What is a DNS Flood Attack?
A DNS flood is a type of Distributed Denial of Service (DDoS) attack that overwhelms DNS infrastructure by sending massive volumes of DNS queries to DNS servers (authoritative nameservers or recursive resolvers). The goal is to exhaust server resources, making the DNS service unavailable and preventing legitimate users from resolving domain names.
Impact of DNS Flood Attacks
When DNS servers are overwhelmed:
Normal operation:
User → DNS query → DNS server → Response → Website loads
During DNS flood:
User → DNS query → DNS server (overwhelmed, no response)
→ Website doesn't load (even though web server is fine)
Effects:
- Websites become unreachable (even if web servers are operational)
- Email delivery fails (MX record lookups fail)
- APIs and services relying on DNS become unavailable
- Collateral damage to shared DNS infrastructure
Types of DNS Flood Attacks
Direct DNS Query Flood
Attacker sends legitimate DNS queries at high volume:
Botnet → Millions of DNS queries → Target DNS server
Query examples:
example.com A
www.example.com A
random1.example.com A
random2.example.com A
...millions more...
Characteristics:
- Valid DNS queries (hard to filter)
- Often for random subdomains (bypass caching)

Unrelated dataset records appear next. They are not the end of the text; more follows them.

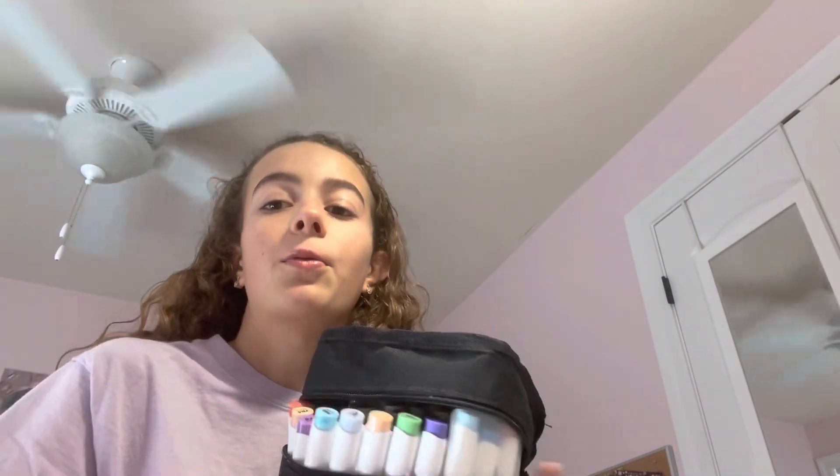Hey guys, if you don't already know me, I'm Daisy, and today I will be showing you how to draw a volcano. You need some paper and something to draw with — I have a sharpie, but pencil works too. You'll also need some colors, unless you want to make a black and white volcano. You'll need some brown, fiery colors and a light grayish color.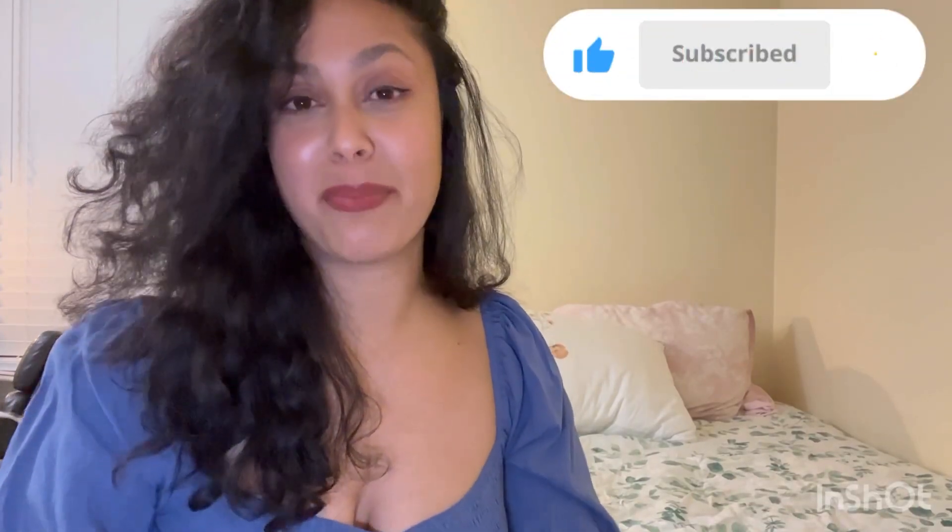I hope you enjoyed my video. If you did, don't forget to subscribe, like this video, and leave a comment down below so I can get to know you. Don't forget to subscribe, and I'll see you in the next vlog — bye!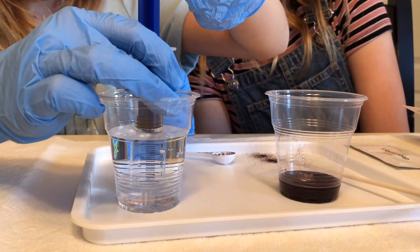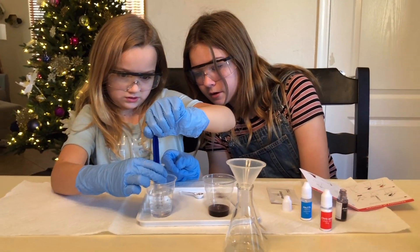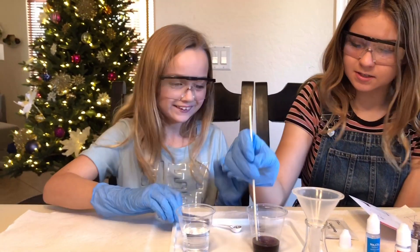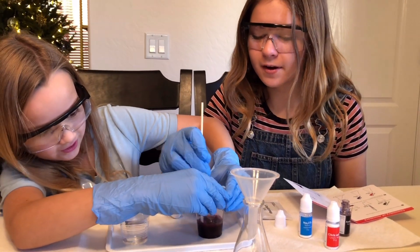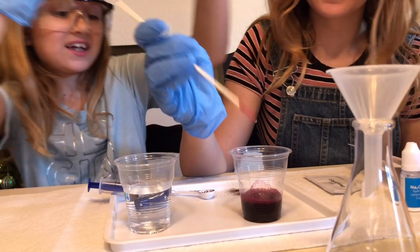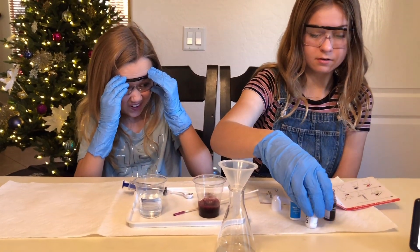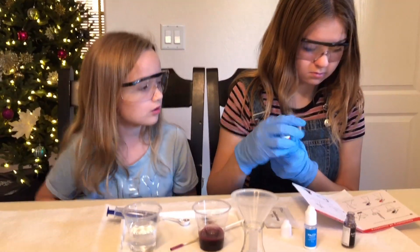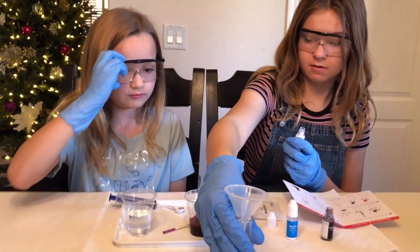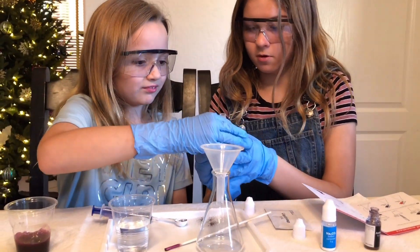Just up to the 10 line - put that in. Mix it - oh whoa! What color is that? It's like maroon or something. Now citric acid - one whole entire bottle of it. Pour it in there and let's leave this aside for now. Put the citric acid in.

- Uses botnets for distributed attack
DNS Amplification Attack
Exploits recursive resolvers to amplify attack traffic:
1. Attacker sends small query to open resolver
2. Spoofs source IP as victim's IP
3. Resolver sends large response to victim
4. Attacker amplifies bandwidth 28-54x
Example:
Attacker sends: 60-byte query for TXT record (ANY query)
Resolver sends: 3000-byte response to victim
Amplification: 50x
NXDOMAIN Flood
Queries for non-existent domains to bypass caching:
Query: random-12345.example.com (doesn't exist)
Server must check authoritative zone every time
Cannot be cached (NXDOMAIN responses often have low TTL)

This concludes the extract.